= Robin Herbert =

English banker (1934–2024)

Robin Arthur Eidyr Herbert (5 March 1934 – 12 January 2024) was an English banker and horticulturist who served as a president of the Royal Horticultural Society.

==Early life and education==
Herbert was born in London to Sir John Herbert, a Conservative MP and Governor of Bengal, and Lady Mary, who had connections to the British royal family. Herbert inherited a substantial estate at a young age, which fostered his interest in gardening.

Herbert was educated at Eton College, the University of Oxford, and Harvard Business School.

In 1960, he married American Margaret Lewis and settled in Llanover, later inheriting another estate, Llanarth.

==Career==
In 1963, Herbert began his banking career by investing in Leopold Joseph, a small London merchant bank, alongside partners such as Prince Rupert Loewenstein and Alexis de Redé. Although initially holding a peripheral position, Herbert's role within the bank grew over time, and he eventually became chairman in 1978. Under his leadership, the bank faced various challenges, including controversial clients and legal disputes, but emerged as a resilient private banking institution. Herbert's tenure concluded with the sale of the bank to the Bank of Butterfield in 2004 for £51.5 million. He also held positions at NatWest, Marks & Spencer, and the National Trust's committee for Wales.

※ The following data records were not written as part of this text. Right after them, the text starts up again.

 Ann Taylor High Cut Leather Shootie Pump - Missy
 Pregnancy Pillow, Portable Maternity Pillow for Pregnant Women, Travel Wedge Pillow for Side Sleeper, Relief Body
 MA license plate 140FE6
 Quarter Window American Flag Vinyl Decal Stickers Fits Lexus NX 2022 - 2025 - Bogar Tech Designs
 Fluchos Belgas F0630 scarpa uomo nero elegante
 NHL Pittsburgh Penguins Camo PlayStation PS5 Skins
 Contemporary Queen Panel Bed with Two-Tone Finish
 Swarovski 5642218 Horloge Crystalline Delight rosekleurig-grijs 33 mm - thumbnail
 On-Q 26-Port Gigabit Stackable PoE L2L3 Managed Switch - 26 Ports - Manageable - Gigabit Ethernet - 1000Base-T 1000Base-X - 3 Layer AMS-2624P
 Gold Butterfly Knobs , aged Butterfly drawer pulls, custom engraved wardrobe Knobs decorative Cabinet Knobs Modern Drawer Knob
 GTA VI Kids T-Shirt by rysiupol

Despite not having formal botanical training, Herbert made major contributions to horticulture through his plant-hunting expeditions and the development of extensive arboreal collections on his estates. In recognition of his dedication to the environment and horticulture, he was appointed Commander of the Order of the British Empire (CBE) in 1994.

In 2017, he was named in the Paradise Papers.

==Death==
Herbert died on 12 January 2024, at the age of 89.